Recorded data section start
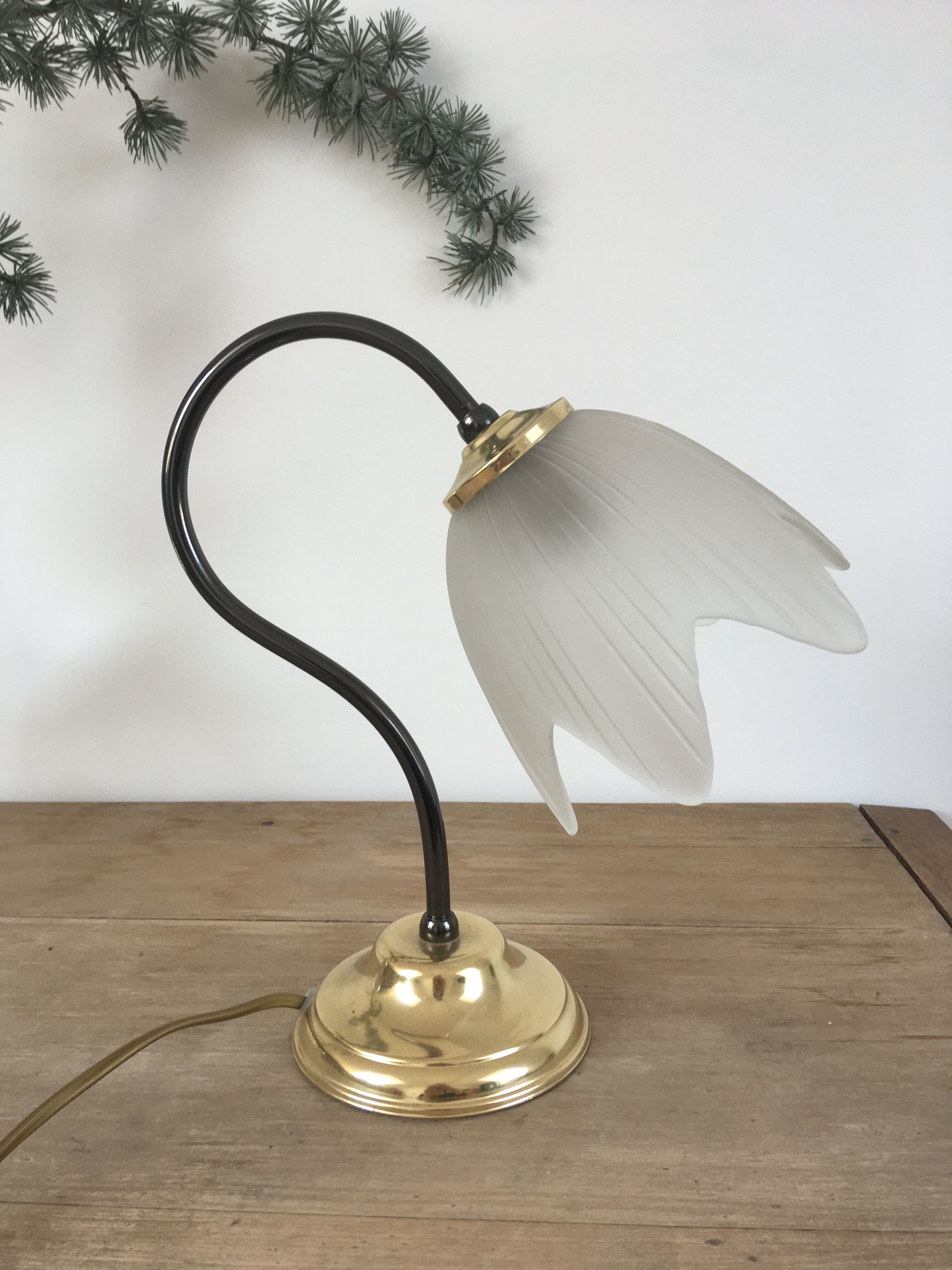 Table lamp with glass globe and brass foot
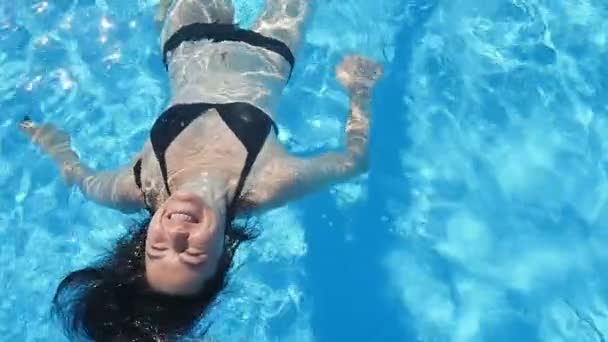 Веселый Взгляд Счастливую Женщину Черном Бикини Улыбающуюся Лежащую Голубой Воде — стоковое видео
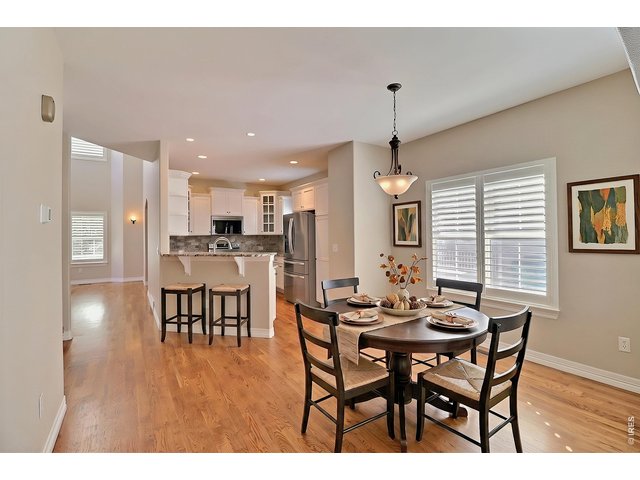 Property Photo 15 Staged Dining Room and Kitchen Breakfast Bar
Recorded data section end
• _The task_: Write out the listing word for word, omitting the pictures it holds.

• _Exercise answer_:
 Table lamp with glass globe and brass foot
 Веселый Взгляд Счастливую Женщину Черном Бикини Улыбающуюся Лежащую Голубой Воде — стоковое видео
 Property Photo 15 Staged Dining Room and Kitchen Breakfast Bar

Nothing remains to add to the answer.